It’s the 1960s that marked the true heyday of the left as a political and cultural force. Kazin reports that the professor and philosopher Marshall Berman, then a radical student, asked the literary critic Lionel Trilling what he thought of the Students for a Democratic Society-led strike taking place at Columbia in 1968—the rock music, erotic energy, chanting, and so on. Trilling was unfazed. “It’s modernism in the streets,” he replied. Perhaps it was. The New Left, as has been often noted, helped make significant strides that we now take for granted: the availability of birth control; feminism; civil rights. Kazin neatly links the 1960s left with what he sees as its progenitor during the abolitionist years. The insistence on uniting personal behavior with political aspirations marked both movements: “Both took delight in smashing taboos about interracial sex, about the proper roles of men and women, and about dress and diet.

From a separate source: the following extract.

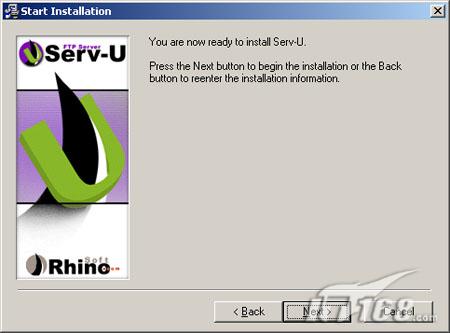 服务器应用:用serv-u建立FTP一(组图)(图八)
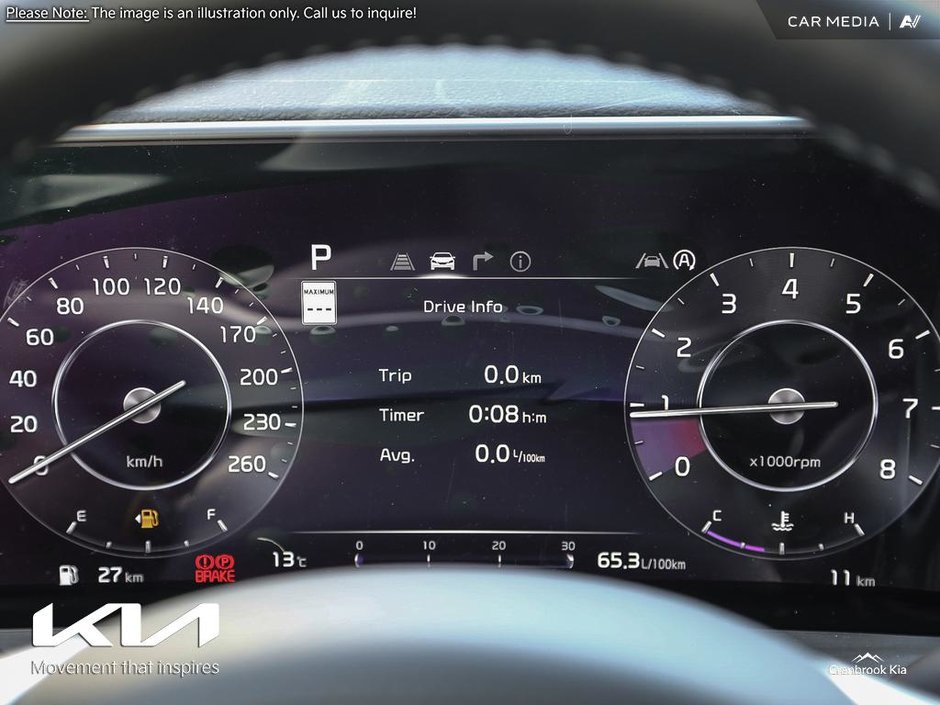 2025 Kia Telluride X-Line-13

Both experimented with styles of communal living they believed would allow individuals to realize their ‘true’ nature and to find happiness doing so.” The impulses may have been similar, but it seems only appropriate to stipulate that William Lloyd Garrison or John Brown would have been bug-eyed at what was taking place at Woodstock or in Berkeley communes, though perhaps Brown could be seen as a distant intellectual ancestor of the Black Panthers. Violence, as Kazin notes, was “part of the utopian tradition.”

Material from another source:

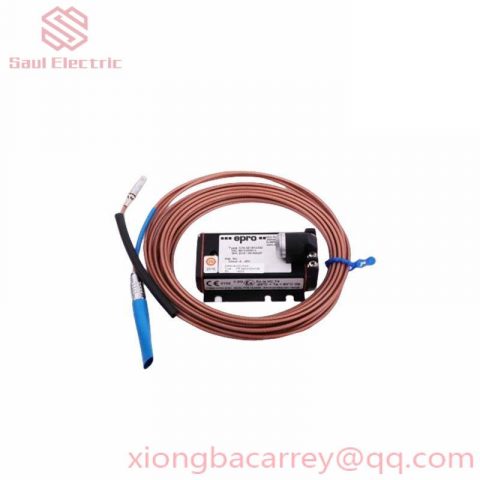 EPRO PR6424/012-000 + CON011 Advanced Eddy Current Sensor for Precision Control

The left sputtered out as a political force in the 1970s—the end of the Vietnam War probably did more than anything to enervate it. Once the war ended, the left began to focus its efforts more intently on the environment, another cause that has gone mainstream, even if America’s actual efforts to improve it have been fitful and halting. For conservatives and neoconservatives, however, the 1960s served, and continue to serve, as a useful way to stir up middle-class anxieties about returning to an era of depravity and debauchery, a time when neither the kids nor the grown-ups were all right—a moment wittily captured in the 1968 movie I Love You, Alice B. Toklas! In it, Peter Sellers, who plays a successful, nerdy Jewish lawyer, abandons his suit and tie to join the psychedelic counterculture with his blond hippie girlfriend, who bakes hash brownies and gets his square parents laughing hysterically. All of this issued in a conservative backlash led by then California Governor Ronald Reagan, who attacked the counterculture with metronomic regularity. “A hippie,” he liked to say, “is someone who looks like Tarzan, walks like Jane, and smells like Cheetah.”

The result has been to emasculate mainstream liberalism. Even the very word has become taboo, as liberals try to rebrand themselves as progressives. Is this true progress? Kazin is dubious. He believes that it requires more than modest, practical policy prescriptions to create change. “Without powerful left movements,” writes Kazin, “neither Bill Clinton nor Barack Obama could become the transformative figure each aspired to be, and liberalism retained the baleful image it acquired in the 1970s: as an ideology out of touch with the interests and beliefs of ordinary Americans.”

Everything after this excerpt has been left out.